February 15, 2019
Orli Shaham with Detroit Symphony
Christian Steiner

By Colin Anderson, Classical Source, February 15, 2019

Think Adagio for Strings and Samuel Barber comes to mind (most probably). Not that he was the first to coin the title – that may have been Guillaume Lekeu in 1891. Barber has recently been joined in (almost similar) titular terms by Cindy McTee, and like the Barber, her example is from a bigger work (Symphony No.1, CD review-link below), his from the Opus 11 String Quartet.

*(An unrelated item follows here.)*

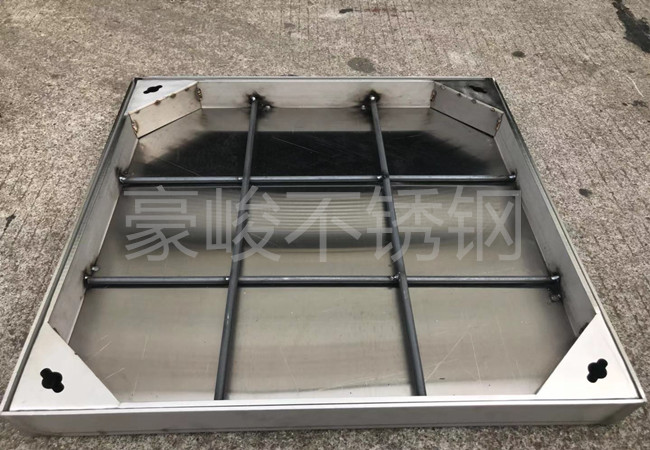 不銹鋼隱形窨井蓋 不銹鋼隱形窨井蓋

McTee’s (nearly-twelve-minute) Adagio owes to Penderecki’s Polish Requiem and is a well-expressed and consoling if uneasy lament, while perhaps finding something beatific in the closing measures, a sad, tear-stained, acceptance: that’s my version anyway.

Barber’s Adagio – today invariably used in memoriam or in response to tragedy – is as eloquent and as moving as anything on the musical planet, here a ten-minute tribute to the recently late John Dingell (House of Representatives) moulded magnetically by Leonard Slatkin’s hands (he was baton-less throughout the concert), and, like the McTee, DSO members were sensitive and intense in response, the Barber climax especially riveting, the sort of music-making that pins you against the wall.

And to really pile-drive into one’s susceptibilities, there was also Appalachian Spring (water) – square-dances (take your partners) and hymn-tunes, yes, but Copland’s capacity to poignancy is here second-to-none, pastoral beatitudes of a rare order (Vaughan Williams’s Third Symphony matches it), rendering words incapable. It’s a Slatkin speciality, whether complete or Suite, and the latter (arrived at in 1945) was here allowed to breathe and skip naturally, bursting with atmosphere, exuberance and – above all – it was deeply affecting. (Writer lets out a sigh.)

Not that susceptible reactions hadn’t already been under extreme pressure during this concert (given on the morning after the night before), a programme tailor-made for your correspondent, for it also included Leonard Bernstein’s Symphony No.2, The Age of Anxiety (1949/65), based on the near-contemporaneous and Pulitzer Prize-winning “Baroque Eclogue” by W. H. Auden. His extensive poem deals “with man's quest to find substance and identity in a shifting and increasingly industrialized world.”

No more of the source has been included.